Im Unterschied zur rein symbolischen Darstellung von Gewalt in Computerspielen sind in den Gangsterrap-Stücken die Inhalte auch an Gewalt und Islamismus im realen Leben gekoppelt. Massiv kokettiert nicht nur mit Kontakten zu Berliner Verbrecherbanden, er soll auch während eines Auftritts in einem alevitischen Kulturzentrum in Duisburg die Anwesenden als "Kufar" beschimpft haben – worauf gewalttätige Unruhen ausbrachen. Doch während andere Hassprediger abgeschoben werden, darf Massiv bleiben - weil der Bertelsmann-Konzern mit ihm Geld verdienen will. Unter anderem dafür ließ der Konzern mit der "Urheberrechtsreform" gerade eben wieder seine Monopolrechte ausbauen.

Allerdings wird mittlerweile auch bei der Exekutive die Frage gestellt, was die Politik mit diesem Ausbau der Monopolrechte eigentlich fördert. So zeigte sich Kulturstaatsminister Bernd Neumann, dessen Handschrift die "Urheberrechtsreform" trägt, plötzlich entsetzt über die Leitkultur aus Gangsterrap und Islamismus, in die der Bertelsmann-Konzern derzeit viel Geld investiert.

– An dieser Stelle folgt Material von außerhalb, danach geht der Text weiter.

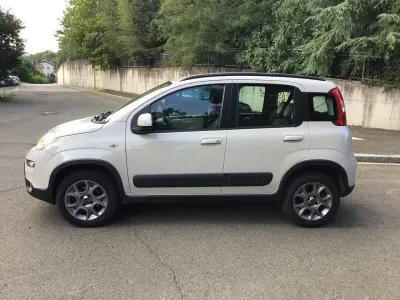 Usata Fiat Panda 4x4 S 75 CV (55 kW) 2013 Beige Utilitaria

Ob allerdings der Neo-McCartyismus, der diesen Sommer dazu führte, dass Beenie Man, Sizzla and Capleton den "Reggae Compassionate Act" der Kampagne Stop Murder Music unterzeichneten, eine adäquate Antwort auf dieses Phänomen ist, ist mehr als fraglich. Zu glauben, dass es die Situation von Homosexuellen und anderswo tatsächlich verbessert, wenn homophobe Musiker gezwungen werden, den Oettinger zu machen, scheint kein unbedingt durchdachter Aktivismus zu sein: Erzwungene Distanzierungen führten bereits bei früheren Gelegenheiten dazu, dass die Homophobie sich – angereichert mit einer Portion Verschwörungstheorie und garniert mit einer Viktimisierung der eigenen Gruppe – eher verstärkte.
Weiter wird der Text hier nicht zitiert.